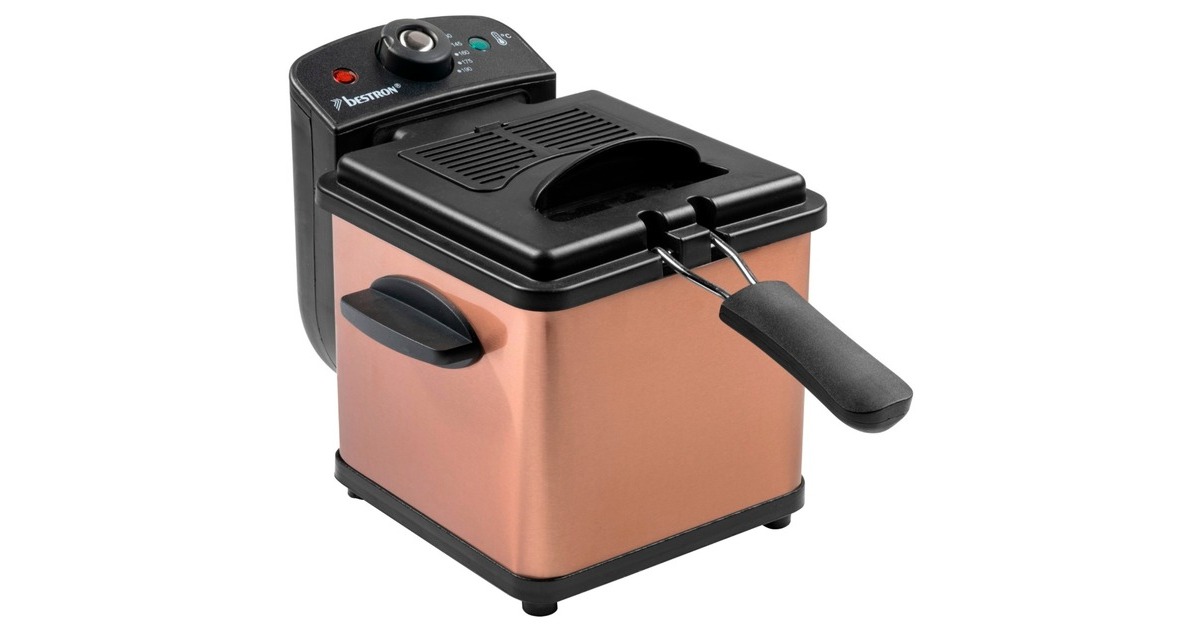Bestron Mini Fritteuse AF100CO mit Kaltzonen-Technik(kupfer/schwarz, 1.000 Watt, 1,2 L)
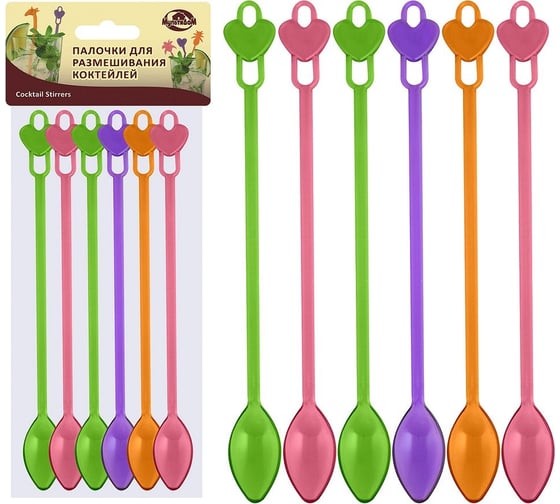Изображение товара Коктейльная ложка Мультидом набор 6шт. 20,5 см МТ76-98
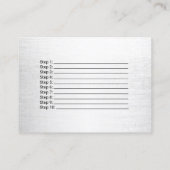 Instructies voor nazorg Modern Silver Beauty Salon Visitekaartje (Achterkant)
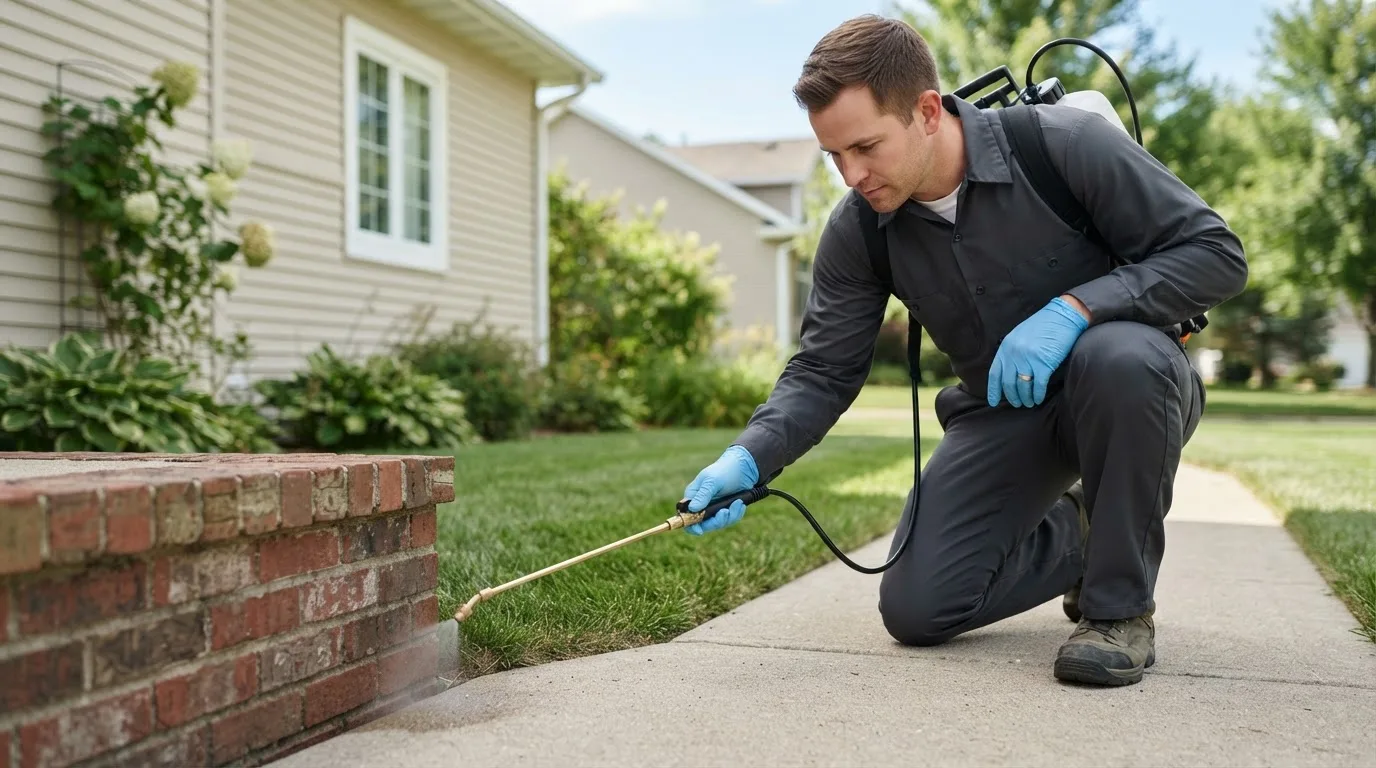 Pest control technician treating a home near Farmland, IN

_ _ _

» Required work
In your reply, every line of the material should appear exactly as written, and no picture should.

» Expected answer
Bestron Mini Fritteuse AF100CO mit Kaltzonen-Technik(kupfer/schwarz, 1.000 Watt, 1,2 L)
Изображение товара Коктейльная ложка Мультидом набор 6шт. 20,5 см МТ76-98
 Instructies voor nazorg Modern Silver Beauty Salon Visitekaartje (Achterkant)
 Pest control technician treating a home near Farmland, IN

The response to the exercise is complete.